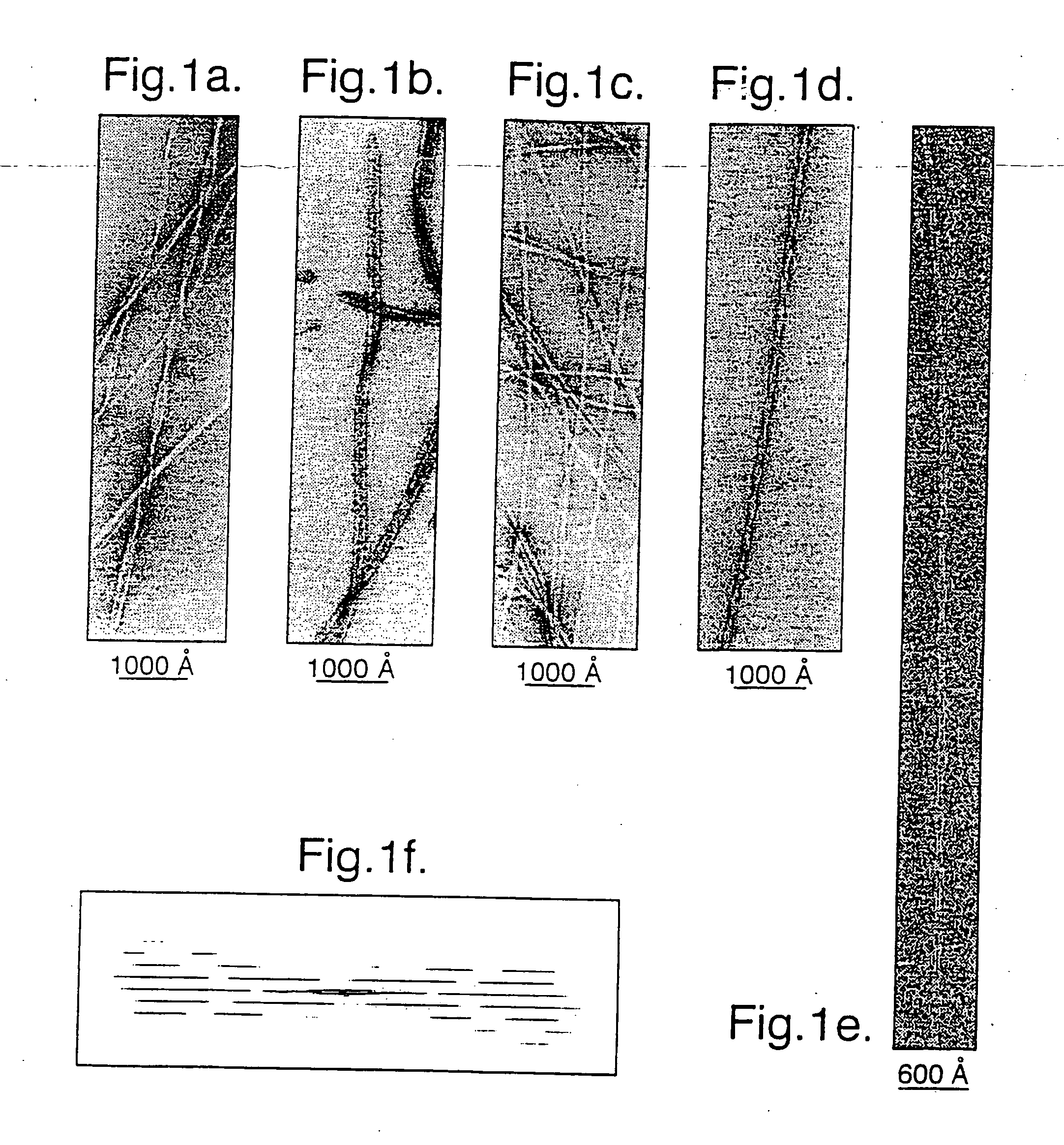 Fibrils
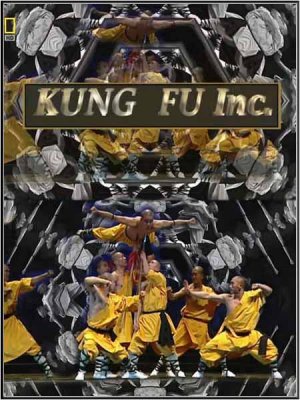 .  - / Kung Fu Inc. (2009) HDRip
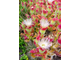 Хрустальная травка (Mesembryanthemum Crystallinum)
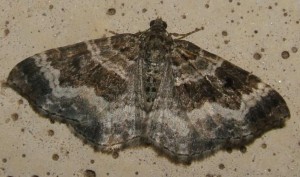 3708 Geometridae , larentiinae, Epirrhoe alternata, L'Alternée 2007.09.12 (16p%).JPG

## TASK DIRECTIONS
Leave out the images and copy all remaining data word for word.

## RESPONSE BELOW
 Fibrils
 .  - / Kung Fu Inc. (2009) HDRip
 Хрустальная травка (Mesembryanthemum Crystallinum)
 3708 Geometridae , larentiinae, Epirrhoe alternata, L'Alternée 2007.09.12 (16p%).JPG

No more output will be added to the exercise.